While I don't want to stop people discussing the Israel/Palestine conflict, I think that it is such a hot button topic that it would help keep this room calm if the discussion had its own room.
@M.A.R. I just wanted to make sure your contribution was acknowledged.
@MattE.Эллен Can we talk about 'talking about it'? I'm assuming 3rd order questions are fair game but not sure about 2nd order.
Maybe it depends on whether we're talking about 'talking about the Israeli/Palestinian thing' or 'talking abstractly about ... uh ...' those kinds of things.
@Mitch I'm mostly concerned with the volatility of discourse in here. there are ... people on the SE chat network (noöne from here) who have been being extra spicy and I am being a bit preëmptive about where the heat is contained. So you can talk about talking about it
As an old, I want to use emojis to look cool but my OS makes me use an alternate keyboard like I'm typing in Arabic and zhuyin at the same time.
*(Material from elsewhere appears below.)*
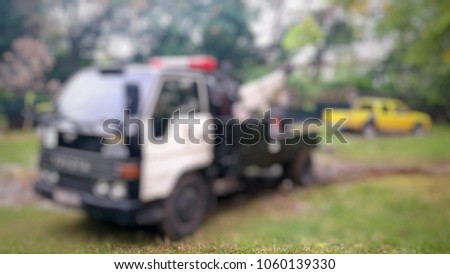 Blurred a police department tow truck help the yellow pickup truck muddy by using a winch with a sling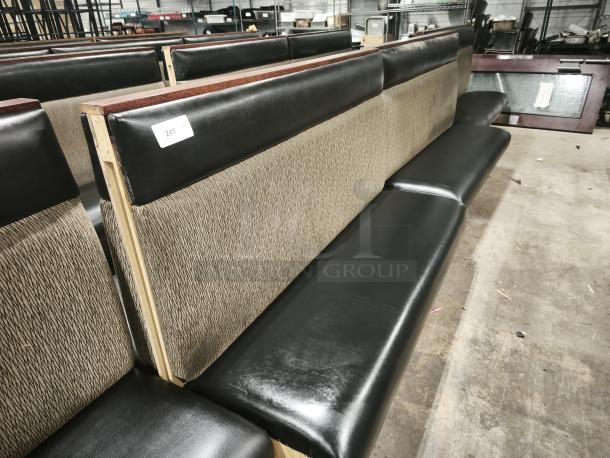 Mid-channeled style restaurant booth with headroll; black vinyl seat, patterned fabric back, wood trim, tag "241."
Which brings up the next topic, can you use emojis in Chinese text? Or really -do- people use emojis in Chinese text and do they mean the same things as in English?
By 'exactly' I mean I cannot tell the difference among any of those, but I'm pretty sure you used two different emojis... maybe they're all distinct I don't know
> “Prophet!” said I, “thing of evil! prophet still, if bird or devil!
Do you think that's bad rhyming?
evil has a long /i/ and devil has a short schwa. I know you're not supposed to pay attention to the length of the syllables in English poetry, but still it stood out to me. I thought maybe it's at least not the smoothest choice.
@MattE.Эллен I don't think so. Both with or without "the" appear to unambiguiously convey the same information. It sounds better with "the" for me but I don't know why.
@Færd That is an awful rhyme for me (AmE), it's not deevil or ehvil.
But there is a concept of 'spelling rhyme' which some people like to use.
I translate in my head 'spelling rhyme' to "not an actual rhyme' or 'I'm cheating' or 'I just can't think of a good word so fuck it this'll have to do'
@Færd That works for me. It's not a perfect rhyme but sounds good anyway.
@MattE.Эллен You know what's annoying? When a notification of a chat flag pops up, and you vote on it (yay! easy UI!) and then you wonder about the context... and then you can't find it. There's no list of voted on flags. I want to check the context, but now I can't.
@Mitch yeah. the system should force you to go to the room before you vote. but I guess if something it truly horrendous then it's better to deal with it quickly than go in search of context
eg this just in "I do. I've watched the last few days of chat as I catche up and the D&D hate is coming through loud and clear. If you say so. I'll let it go."
Well, I would have had some minimal interest in seeing the conversation but I only had enough time to read the flag and c-p it, not enough with that UX to visit and judge well.
I often think authoritatively that simple taboo word recognition is awfully ... over simplified manner to judge for valid flag, but then that's what I can do in the short 5 seconds of the life of the chat flag.
Nikolay Platoshkin, founder of a socialist movement titled "For New Socialism", may get 6 years of penal colony in Russia. The prosecutor has requested this term for him today. znak.com/2021-05-18/…
Putin is trying to suppress all non-controlled parties.
In a separate development, Head of the Chechnya Region recorded a video in which he promises to kill a person who called him a devil in a social network comment.
The Russian General Prosecutor's Office has a history of "not noticing" such statements made by Kadyrov, although it's a punishable crime in Russia.
@Cerberus It seems many people seem to think that the 'person' applies to themselves as opposed to the person/thing they are meeting. Like: I saw the new iPad in person.
Well, he’s arguing that if I say I’ve seen the Mona Lisa in person, which I have, that that’s wrong. I’m saying it’s not wrong, and is in fact a very direct way to get the point across. He could ask on ELL.
That's a value judgment on lots of things, not a descriptive rule. Language doesn't always work with rules. It'd be simpler to for French to say 'nonante et neuf' yet they insist on 'quatre-vingt dix-neuf'
but that could easily be a judgement of the French.
starts torpedo up again
@Cerberus We say what we say because others do and then we do. If there's logic that supports it that is just after the fact rationalization. It may make the pattern easier to generalize and remember but there's no guarantee that it is truly general.
I feel like emojis are not expressive enough. Like it's a little snapshot of one person's (or a committee of friends who are mostly identical) thinking up reactions.